Reddit Post Sentiment Analysis demonstrating the use of the Reddit API, Microsft Azure Cognitive Services Text Analytics, and Microsoft Azure Cosmos DB Query graph and Gremlin API. The goal of the application is to query the Reddit /r/Soccer Subreddit and build a graph of two verticies Articles and entities of the articles with the edges representing the sentiment of the Article to the entity.
- Create Reddit API account https://www.reddit.com/wiki/api#wiki_reddit_api_access
- you need to read the terms and register
- Then you should be at https://www.reddit.com/prefs/apps
- Create a new application:
- Name:anything you want
- Select script app
- about url:you can leave blank
- redirect uri:http://localhost:8080
- Record the following:
- RedditLogin: Your reddit account (A)
- RedditPWD: Your reddit password
- RedditAppID: This is in the top left corner of your application that you just created under your name and the label "personal use script" (B)
- RedditAppSecret: This is below the AppID with the label "secret" (C)
- Create Azure account (you are responsible for all account charges. Make sure you understand your Azure costs before proceeding)
- Create "Text Analytics" resource
- Name the resource
- select subscription
- select location
- select pricing tier (F0)
- select/create resource group
- Go to your resource and copy the access key
- Test landing page https://[location].dev.cognitive.microsoft.com/docs/services/TextAnalytics.V2.0
- Open API testing console for your location
- Input your key and test sentiment and entity REST calls
- Create a "Cosmo DB" resource
- select the subscription
- select/creat resource group
- Enter an account name
- API - Select Gremlin (graph)
- Leave Apache Spark disabled
- Location select on near you
- Geo-Redundancy leave disabled
- Multi-regioin writes leave disabled
- Create graph database
- Goto you Cosmo DB resource
- Goto Overview
- Copy the Gremlin Endpoint e.g. [YourCosmoDB].gremlin.cosmos.azure.com
- Goto Data Explorer
- Select "New Graph"
- Database id: Type and record the database id
- Graph id: Type and record the graph id
- Storage Capacity: Select Fixed (10GB) Storage Capacity
- Partition key: you should not see this if you select Fixed (10GB)

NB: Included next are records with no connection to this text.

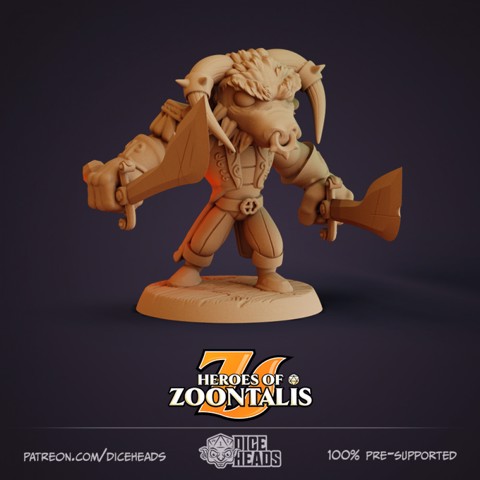 Image of Minotaur Pirate (pre-supported included)
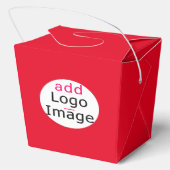 Elegante Professionele Moderne Zaken Douanerood Bedankdoosjes (Achterkant)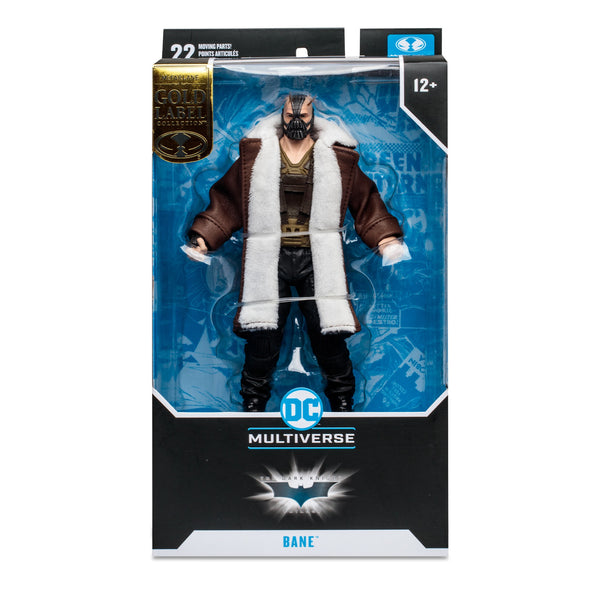 DC Multiverse Dark Knight Rises Bane Trench Coat Gold Label - McFarlane Toys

- Throughput: leave at 400
- I used VS Code to develop this project with C# Extension
- Open program.cs and update your recorded values for Reddit, Azure Text Analytics, and Azure Cosmo DB. This is an example project and we are storing the API key in the code which is not safe. For production applications store keys in a secure store like Azure key Vault.
- The project should query /r/soccer/hot and populate the cosmos db you created.
- Run some queries (the queries below will not be the same for you as you will have different entities and articles)
- First install Azure Cosmos DB Extension into VS Code
- Execute g.V() you should see something like below
- Find an entity e.g. 'Neymar' g.V().hasLabel('Entity').has('Name','Neymar')
- Find all negative sentiment articles about 'Neymar' g.V().hasLabel('Entity').has('Name','Neymar').in('Negative')